She looked at several catalogs. She pointed out items that went to size 70. She also spent a long time looking at bras. She pointed out bras with F & G cups, and those with band sizes in the 50s. 

I told her that she was only a size 26, and asked why she was looking at such large sizes.

"Well, I'm at least a 28 now, and as fast as I'm gaining--I feel like a supersize woman. Time passes so quickly. In a year or two I'll be wearing really big clothes-I'm kind of psyching myself up for it. I don't know if I'll love it or hate it--but I'll be ready for it." 

Winter was coming, and the days were getting colder. Candy had suggested that we spend more time at home, instead of eating out. Since we felt really comfortable with each other, it was no problem with me. I thought that since she had gotten in the habit of eating out, plus having a meal at home, she might be eating less, since she would have only the meal at home. But she would have dinner ready when I came to her house. At first she would cook a little snack around 10 o'clock. But it kept getting bigger and bigger until it became another full meal. And, of course, she would continue to have ice cream and other snack foods between. 
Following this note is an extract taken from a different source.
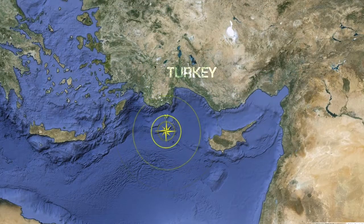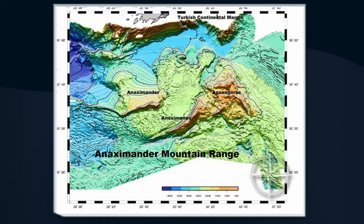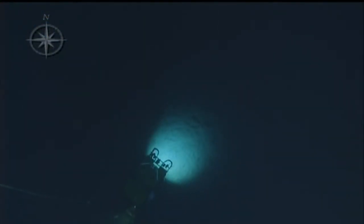Nautilus spent 14 days exploring the Anaximander Seamounts off the southern coast of Turkey. Located along the intersection of the African and Eurasian Plates, the three underwater seamounts that make up this range are home to mud volcanoes several thousand meters below sea level, and the team explored five of them in this area.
She hit 300 pounds, and was now wearing a size 30 dress. After her first meal, she would unbutton her dress as we sat down to watch TV. "I feel so stuffed," she would say. Before her second dinner, she would put on a stretchy night gown or teddy. She told me how much more comfortable she was. 

"Do you still have that dress that I wore to your sister's?" she asked me.

I told her that I did.

"Would you mind bringing it over? I need something to relax in."

I brought it the next day. She ran up to put it on, but her growing body had filled it out. It was still a little loose in the stomach area, but her breasts had pushed out the top as far as it was meant to go. 

She then asked me when the next clothing sale was for our group.

"Why?" I asked.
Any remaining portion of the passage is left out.